Contra alegaram os AA, pugnando pela não admissão da revista  caso assim não se entenda, ser o Recurso apresentado pelo Recorrente julgado totalmente improcedente.


Colhidos os vistos, cumpre decidir.

Fundamentação.

É a seguinte a matéria de facto dada como provada pela Relação:

A) Está registado a favor dos AA o direito de propriedade sobre o prédio urbano sito na Rua ......., em ......., descrito na CRP ……. sob o n.º …38 da Freguesia ...... e inscrito na matriz sob o art….44 da Freguesia ......., que o A adquiriu de FF, falecido em ../12/1973, por sucessão hereditária.

B) Os RR habitam o imóvel referido em A) desde janeiro de 1976, aí pernoitando, tomando as suas refeições e recebendo a sua correspondência e os seus amigos.

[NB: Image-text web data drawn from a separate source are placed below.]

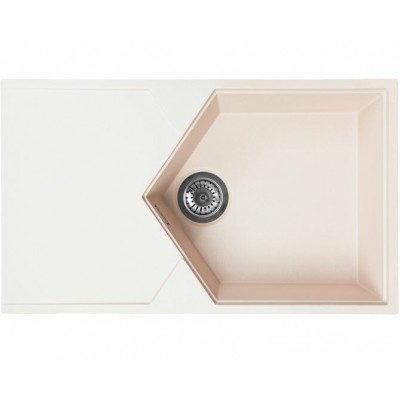 Мойка KitKraken Sea Creamy бежевый 850х500 Мойка KitKraken Sea Creamy бежевый 850х500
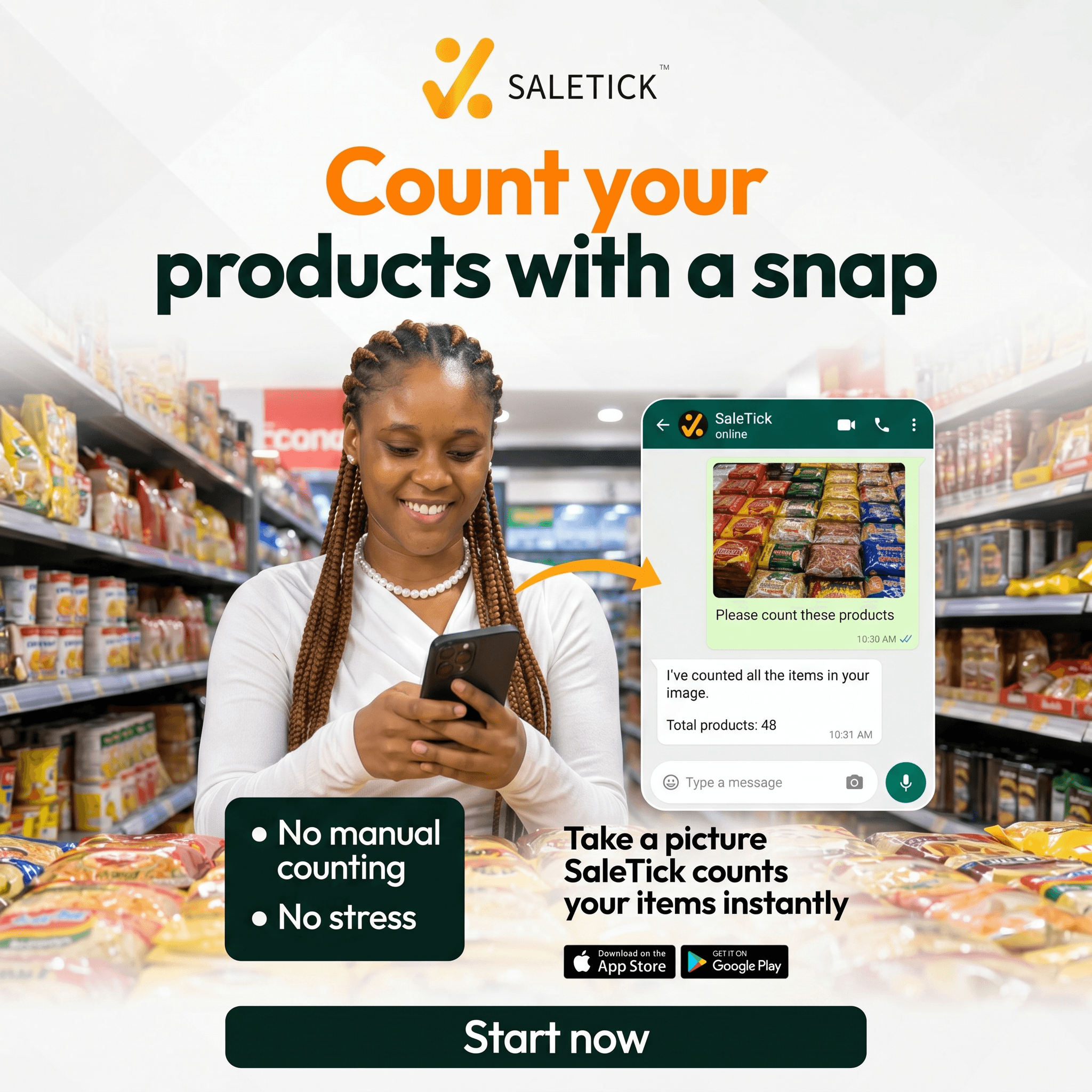 Count your products with a snap.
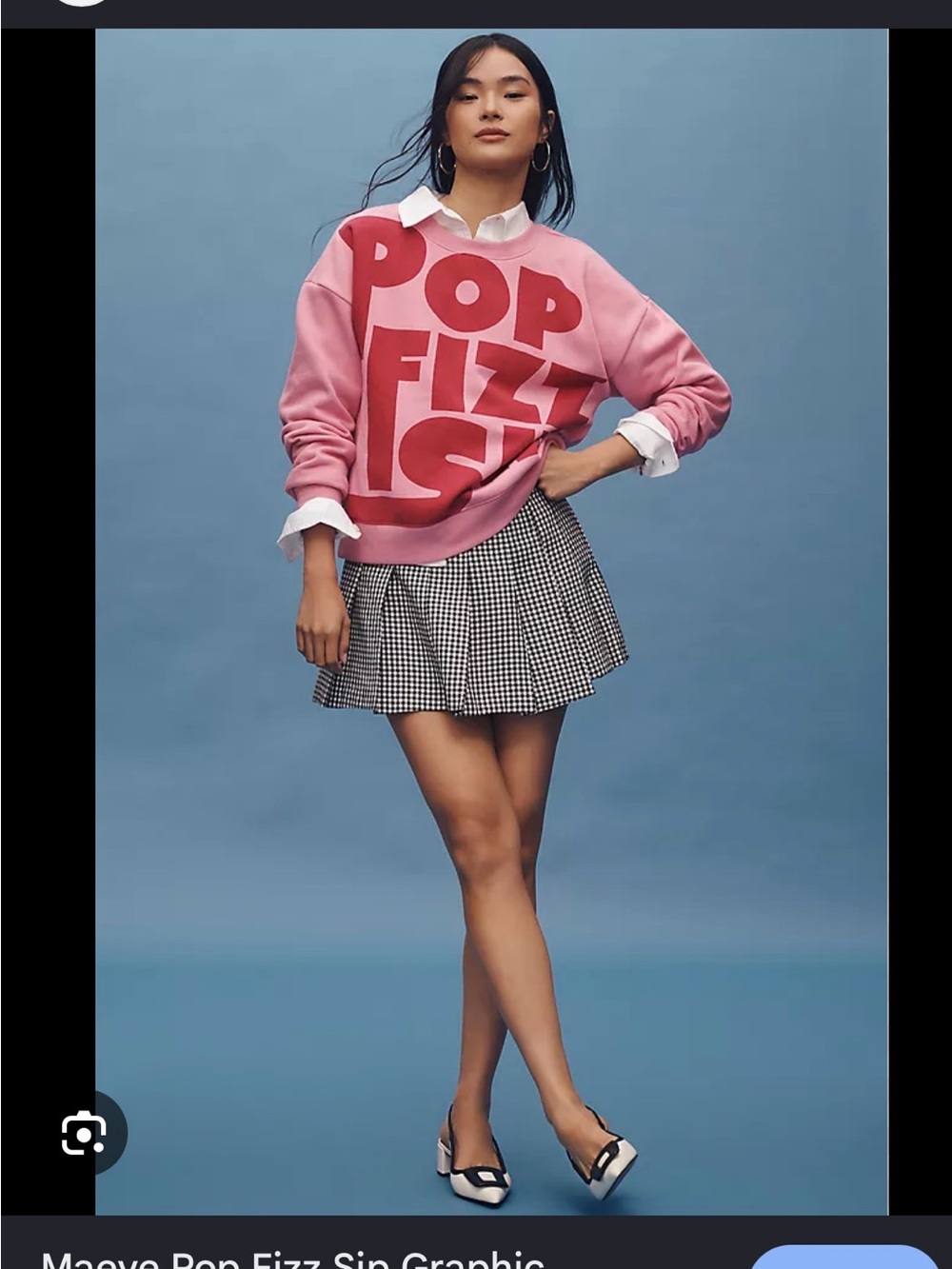 Anthropologie Maeve Pop Fizz Sip sweater in pink.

C) Os AA enviaram aos RR, que a receberam, a carta constante de fls. 12v-13, cujo teor se dá por integralmente reproduzido.

D) Em resposta à carta referida em C), os RR enviaram aos AA, que os receberam, a carta e o recibo constantes de fls. 14-14v, cujo teor se dá por integralmente reproduzido.

E) Em resposta à carta referida em C), os AA enviaram aos RR, que a receberam, a carta constante de fls. 15-16, cujo teor se dá por integralmente reproduzido.

F) Os RR passaram a ocupar o imóvel referido em A) na sequência de terem acordado verbalmente com EE que poderiam morar no imóvel mediante o pagamento de um valor mensal de Esc. 340$00.

G) Os RR têm pago todos os meses, desde janeiro de 1976, o valor mensal acordado com EE.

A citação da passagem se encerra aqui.